A Brief History of Bitcoin 

You may have heard of the term bitcoin. In case you aren’t familiar with it, then you must know that this is the payment system designed for the Internet. It is created and held electronically. Unlike dollars and euros, bitcoins aren’t controlled by a central bank nor printed like cash.

The payment system was invented by Satoshi Nakamoto. No one knows if Nakamoto is really a person, or a group of individuals. What is known is that Nakamoto published a paper in October 2008 that outlined a peer-to-peer electronic cash system.

satoshi nakimoto

There are a lot of theories why Nakamoto proposed the system. But the most prominent theory is that it was in response to the global financial crisis of 2008.

The following year, Nakatomo released the first-ever bitcoin software. This paved the way for the launch of the bitcoin network, as well as the first units of bitcoins, the bitcoin cryptocurrency.

By May of 2010, a programmer from Florida named LasloHanyecz  claimed to have used bitcoins to order pizza. The purchase was made three months after a marketplace was formed for the currency. The cost of the pizza was 10,000 bitcoins.

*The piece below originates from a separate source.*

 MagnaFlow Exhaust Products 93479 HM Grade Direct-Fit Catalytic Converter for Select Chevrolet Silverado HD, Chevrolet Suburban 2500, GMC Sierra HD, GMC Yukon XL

The use of bitcoins wasn’t smooth sailing at first. There were hints of safety concerns like hacking and theft. There was even a group that planned to gather donations in bitcoins but eventually dropped the plan because of potential legal problems.

By 2012, the use of bitcoins was growing. It was widely used in black markets selling illegal goods. Enterprising groups like the Paly Entrepreneurs Club in Palo Alto, California, organized a trading network for the currency. Even a Silicon Valley start-up named Coinbase provided non-technical assistance in using bitcoins.

In 2013, the first major theft was reported. A Bitcoin forum founder said he lost around 25,000 bitcoins from his digital wallet, with an equivalent value of $375,000. It caused the value of the currency to slide to $0.01 from $17.51.

But that proved to be a minor hiccup, so to speak.  In August 2013, a federal judge ruled that bitcoins can be used for the purchase of goods and services. Several months later, the price of bitcoin climbed to $700 as the US Senate held the first ever hearings on digital currency.


In December of 2014, tech giant Microsoft began accepting bitcoin payments. The following month, the New York Stock Exchange became an investor in the $75 million funding round of Coinbase.

These days, bitcoins have been recognized legal in many countries. However, it is illegal in other territories like Russia, Vietnam, and Ecuador.